Kismet has three degrees of freedom to control gaze direction and
three degrees of freedom to control its neck. The
degrees of freedom are driven by Maxon DC servo motors with high
resolution optical encoders for accurate position control. This gives
the robot the ability to move and orient its eyes like a human,
engaging in a variety of human visual behaviors. This is not only
advantageous from a visual processing perspective, but humans
attribute a communicative value to these eye movements as well.
Auditory System
The caregiver can influence the robot's behavior through speech by
wearing a small unobtrusive wireless microphone. This auditory signal
is fed into a 500 MHz PC running Linux. The real-time, low-level
speech processing and recognition software was developed at MIT by the
Spoken Language Systems Group. These auditory features are sent to a
dual 450 mHz PC running NT. The NT machine processes these features in
real-time to recognize the spoken affective intent of the
caregiver.
Expressive Motor System
Kismet has a 15 DoF face that displays a wide assortment of
facial expressions to mirror its ``emotional'' state as well as to serve other
communicative purposes.
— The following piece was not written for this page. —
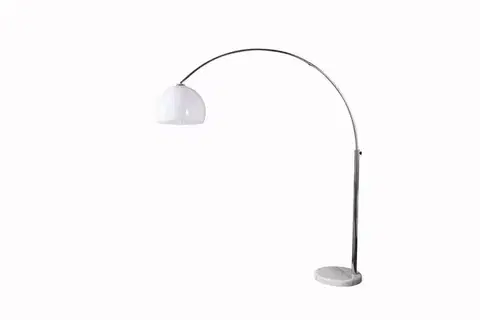 Estila Designová polohovatelná oblouková moderní kovová stříbrná stojací lampa Big Bow s bílým akrylovým kulatým stínítkem 205 cm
Each ear has two degrees of freedom that
allows Kismet to perk its ears in an
interested fashion, or fold them back in a manner reminiscent of an
angry animal. Each eyebrow
can lower and furrow in frustration, elevate
upwards for surprise, or slant the inner corner of the brow upwards
for sadness.
Each eyelid can open and close independently,
allowing the robot to wink an eye or blink both. The robot has four lip
actuators, one at each corner of the mouth,
that can be curled upwards for a smile
or downwards for a frown. There is also a single degree of freedom
jaw.
Vocalization System
The robot's vocalization capabilities are generated through an
articulatory synthesizer. The underlying software (DECtalk v4.5)
is based on the Klatt synthesizer which models the physiological
characteristics of the human articulatory tract.
By adjusting the parameters of the synthesizer
it is possible to convey speaker personality (Kismet sounds like
a young child) as well as adding
emotional qualities to synthesized speech (Cahn 1990).